== Given data ==

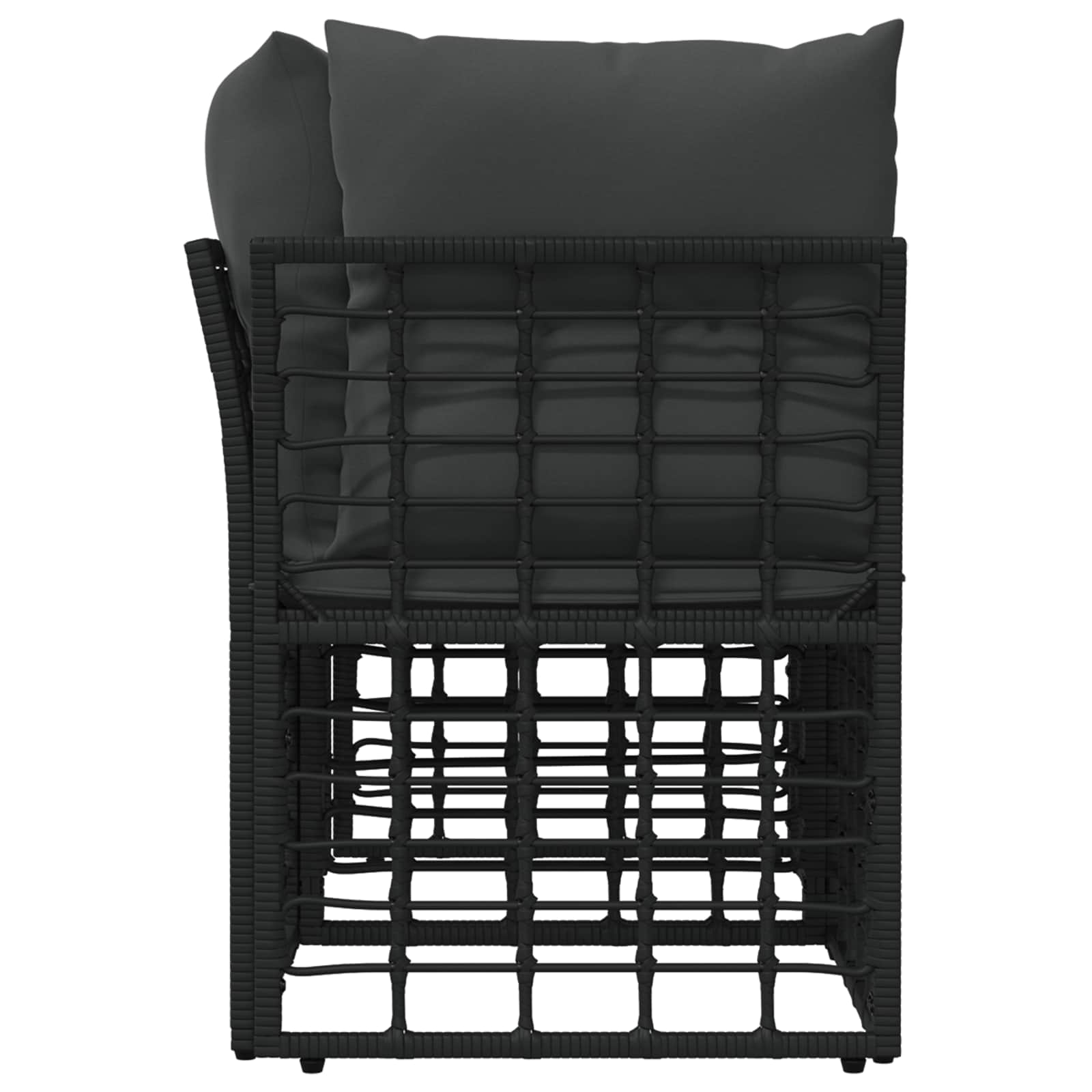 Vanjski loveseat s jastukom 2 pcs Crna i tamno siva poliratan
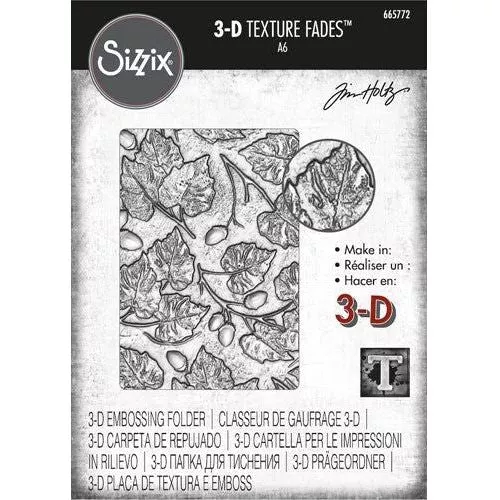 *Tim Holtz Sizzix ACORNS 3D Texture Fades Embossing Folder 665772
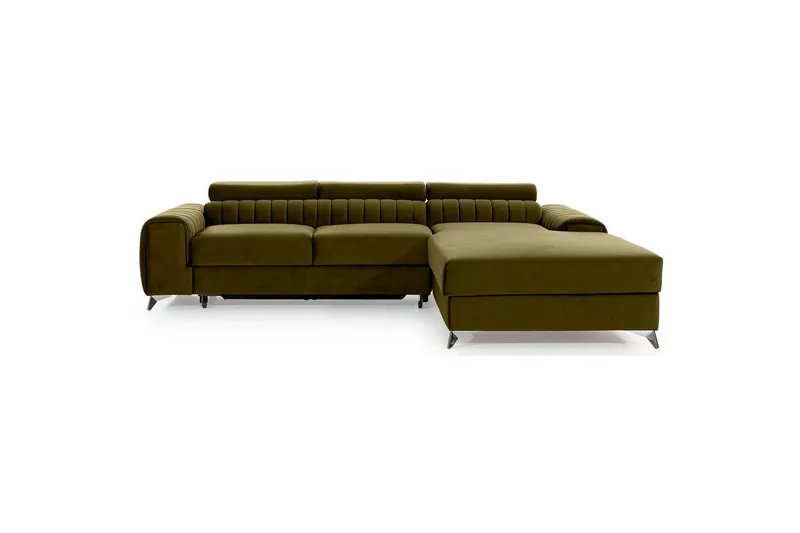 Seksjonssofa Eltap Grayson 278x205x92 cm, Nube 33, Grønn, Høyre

===
== Given data ==

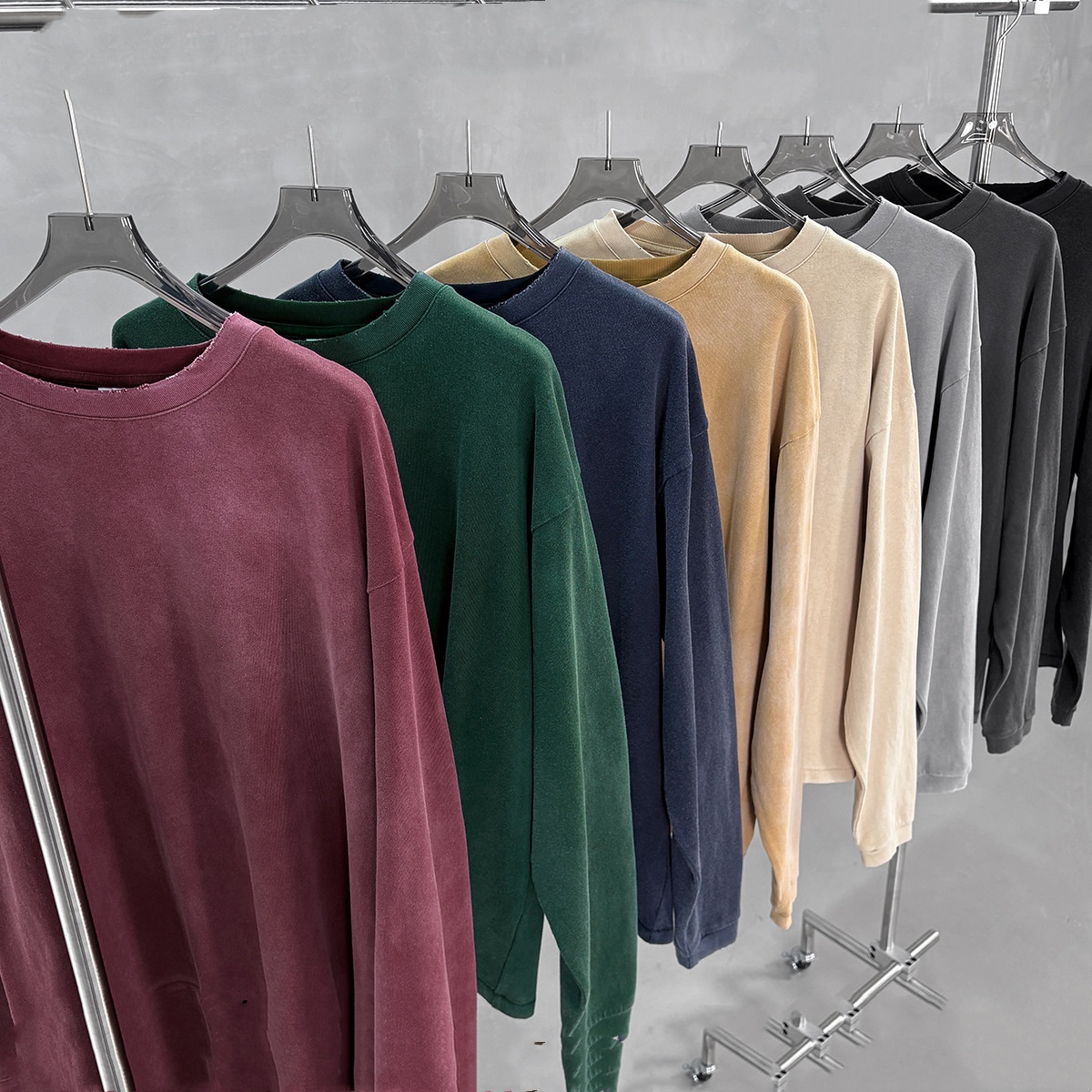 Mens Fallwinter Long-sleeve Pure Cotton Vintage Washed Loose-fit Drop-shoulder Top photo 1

===

"Vanjski loveseat s" marks the first line to copy, and "Seksjonssofa Eltap Grayson" marks the last. Repeat that stretch above exactly, with no pictures.

Answer space
 Vanjski loveseat s jastukom 2 pcs Crna i tamno siva poliratan
 *Tim Holtz Sizzix ACORNS 3D Texture Fades Embossing Folder 665772
 Seksjonssofa Eltap Grayson 278x205x92 cm, Nube 33, Grønn, Høyre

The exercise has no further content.